What other work? Do jobs just appear out of the ether for people with delivery experience on their resume?

Truck driver? You know the most common job in the US. Do the people who you are advocating for know you have so little respect for their intelligence that you think they literally can do nothing else except drive a van around? I would be pretty insulted if someone was saying that my limitations were my current job.

You need a different license to drive a big rig truck than you do a package delivery truck. They would have to be retrained. Amazon sure won't pay for that. Who will?

And do you think trucking wouldn't also get automated?

Yeah so you will need to to take a class for a few days. So so burdensome. You can get an employer to sponsor the few hundred dollars or put it on credit. It isn't a lot of money you are talking about here.
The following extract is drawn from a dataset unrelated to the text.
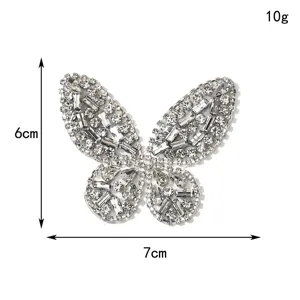 Rhinestone butterfly patch crystal hot melt adhesive DIY clothing accessory 6x7cm 10g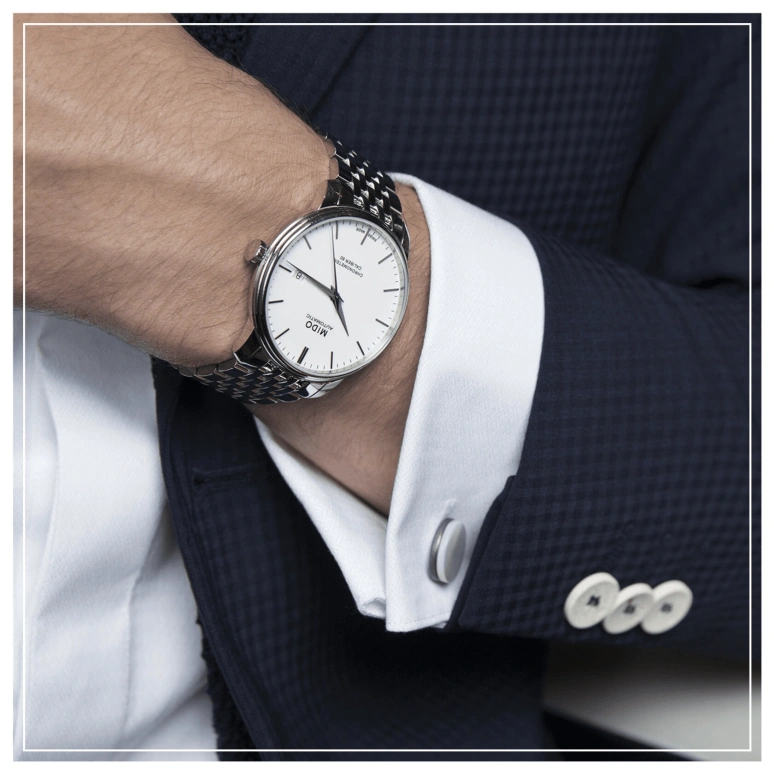 Mido,Baroncelli 40mm,40mm,Stainless Steel,White,Automatic,Date,Anti-magnetic,M027,M027.408.11.011.00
Trucking could be automated one day but not tomorrow.

Just a fyi, people like it when you answer questions they ask instead of whining. I asked you a question and I noticed you didn't answer it. You will observe that I have answered all of your questions.

It takes more than a few days to get trained to get a CDL license. What a silly thing to say.

I also must have missed your question, but since you've insulted me by saying I'm "whining," I'm certainly not inclined to answer it now.

UBI comes to mind.

Maybe we should implement that first and fire all the delivery people second? But as long as Amazon saves money, that's the important thing.